# Exercise
Among the entries below, how many lines include the string "table"? Answer with only the number.

# Records supplied
————————

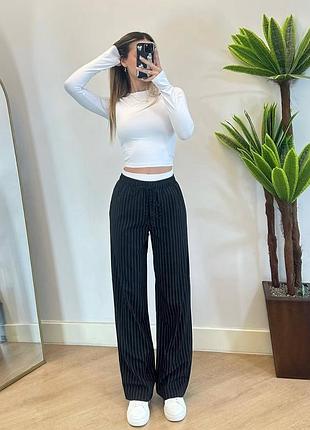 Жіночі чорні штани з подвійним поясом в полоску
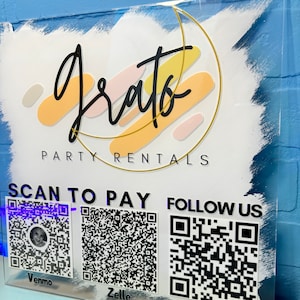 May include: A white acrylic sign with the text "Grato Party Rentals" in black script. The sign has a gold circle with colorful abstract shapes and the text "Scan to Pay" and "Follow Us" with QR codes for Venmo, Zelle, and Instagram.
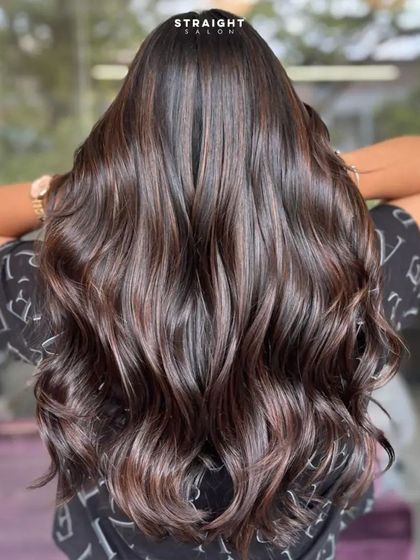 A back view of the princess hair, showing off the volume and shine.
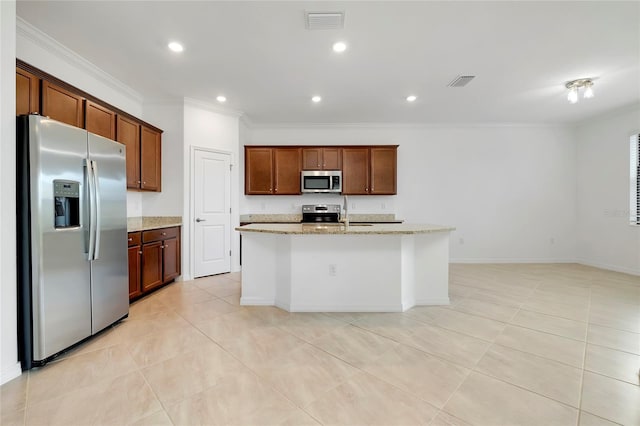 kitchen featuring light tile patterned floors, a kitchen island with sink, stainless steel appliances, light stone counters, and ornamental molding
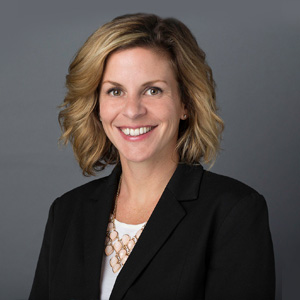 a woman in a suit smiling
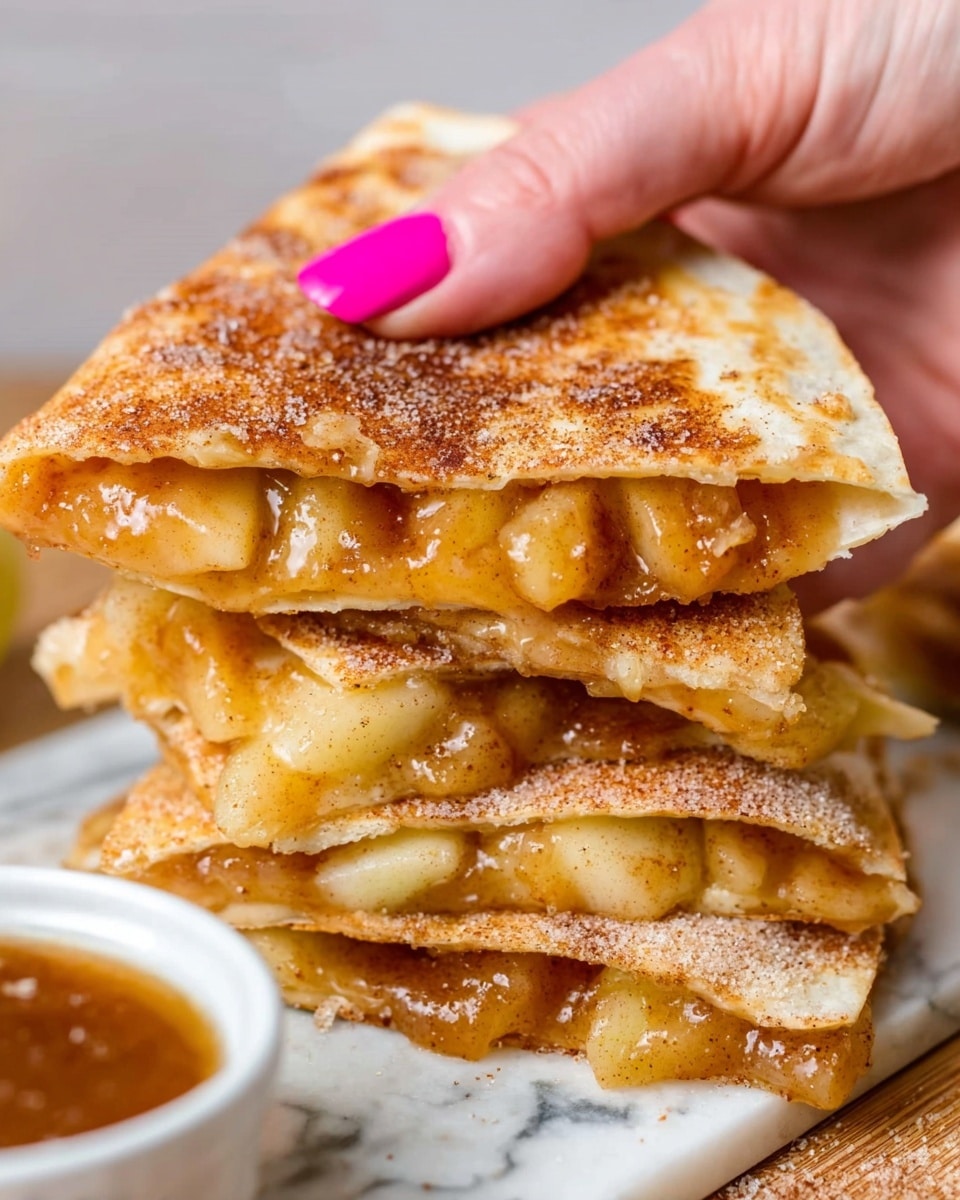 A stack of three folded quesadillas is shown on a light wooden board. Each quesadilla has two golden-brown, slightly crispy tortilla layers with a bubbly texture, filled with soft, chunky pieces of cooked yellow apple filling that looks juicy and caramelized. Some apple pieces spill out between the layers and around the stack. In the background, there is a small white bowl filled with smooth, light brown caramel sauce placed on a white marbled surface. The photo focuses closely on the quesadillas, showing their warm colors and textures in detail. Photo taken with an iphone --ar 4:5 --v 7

————————

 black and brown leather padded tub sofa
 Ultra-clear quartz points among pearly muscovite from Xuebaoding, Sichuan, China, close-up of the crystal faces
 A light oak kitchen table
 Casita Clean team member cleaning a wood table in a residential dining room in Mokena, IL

————————

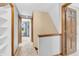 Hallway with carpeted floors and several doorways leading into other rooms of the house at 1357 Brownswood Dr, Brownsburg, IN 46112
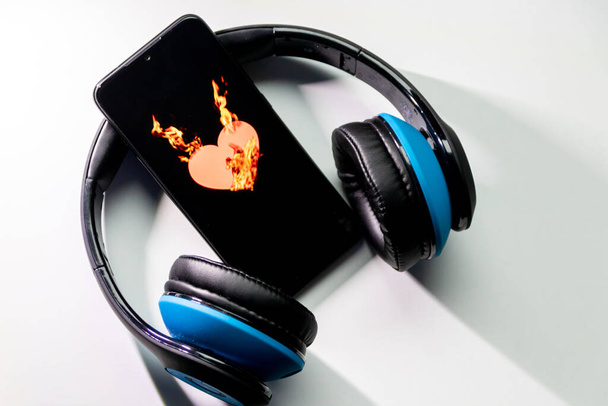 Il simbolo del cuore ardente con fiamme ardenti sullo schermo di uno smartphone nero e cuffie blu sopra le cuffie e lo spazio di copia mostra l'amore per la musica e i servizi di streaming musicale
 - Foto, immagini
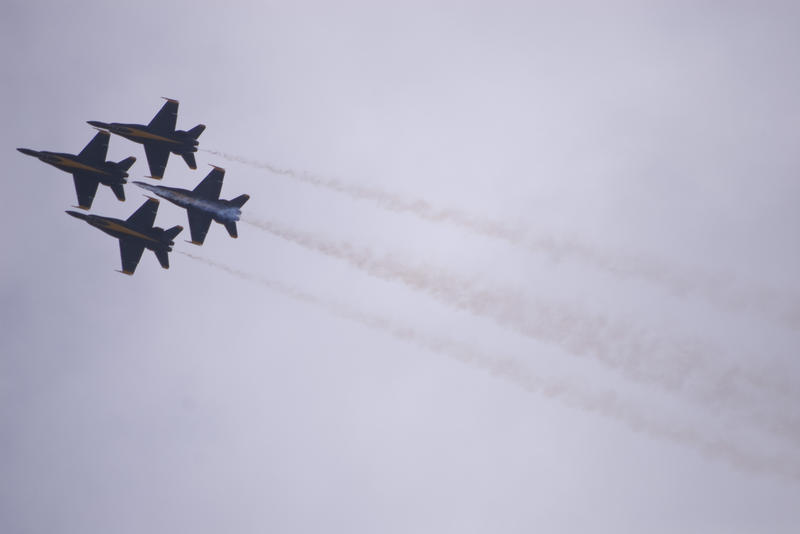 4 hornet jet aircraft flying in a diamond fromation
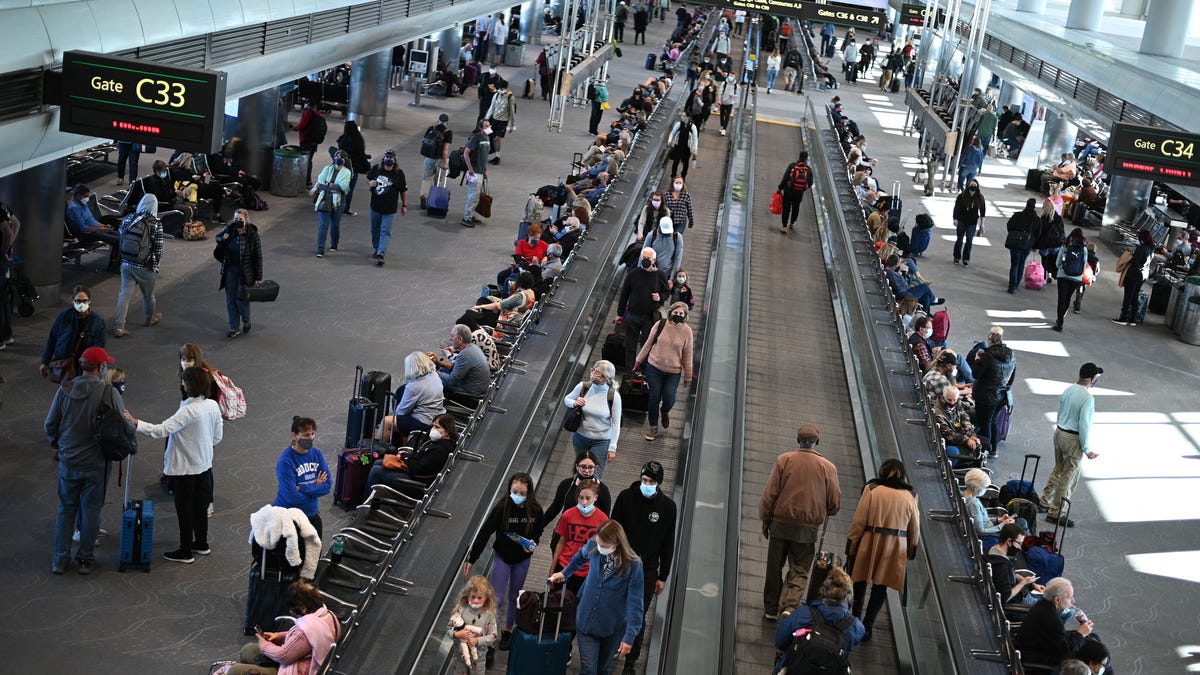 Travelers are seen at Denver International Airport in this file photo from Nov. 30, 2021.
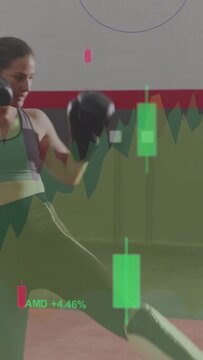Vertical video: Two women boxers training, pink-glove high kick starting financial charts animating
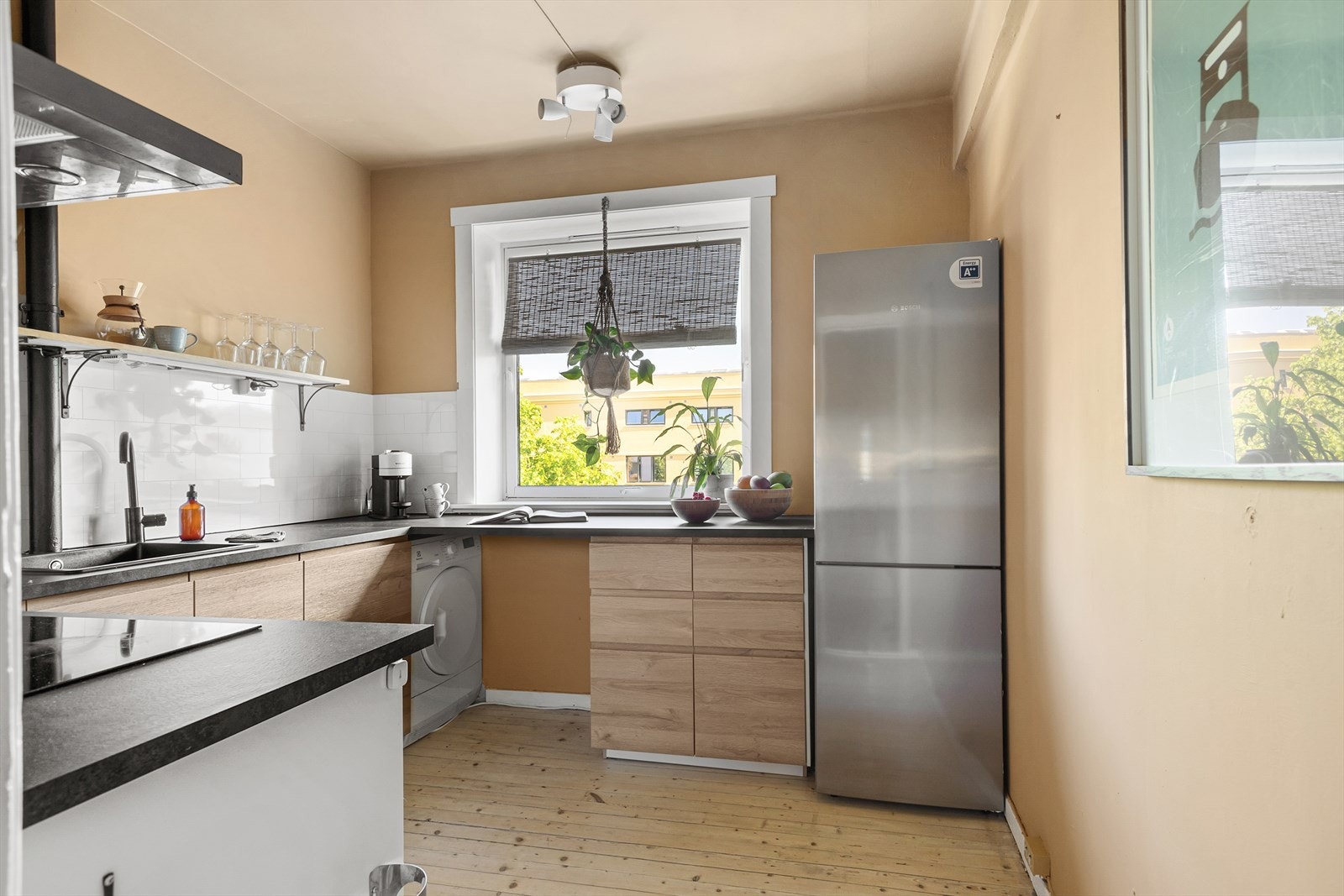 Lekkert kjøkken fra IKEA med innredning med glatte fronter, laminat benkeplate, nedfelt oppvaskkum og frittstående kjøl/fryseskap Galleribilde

————————

# Result of the task
2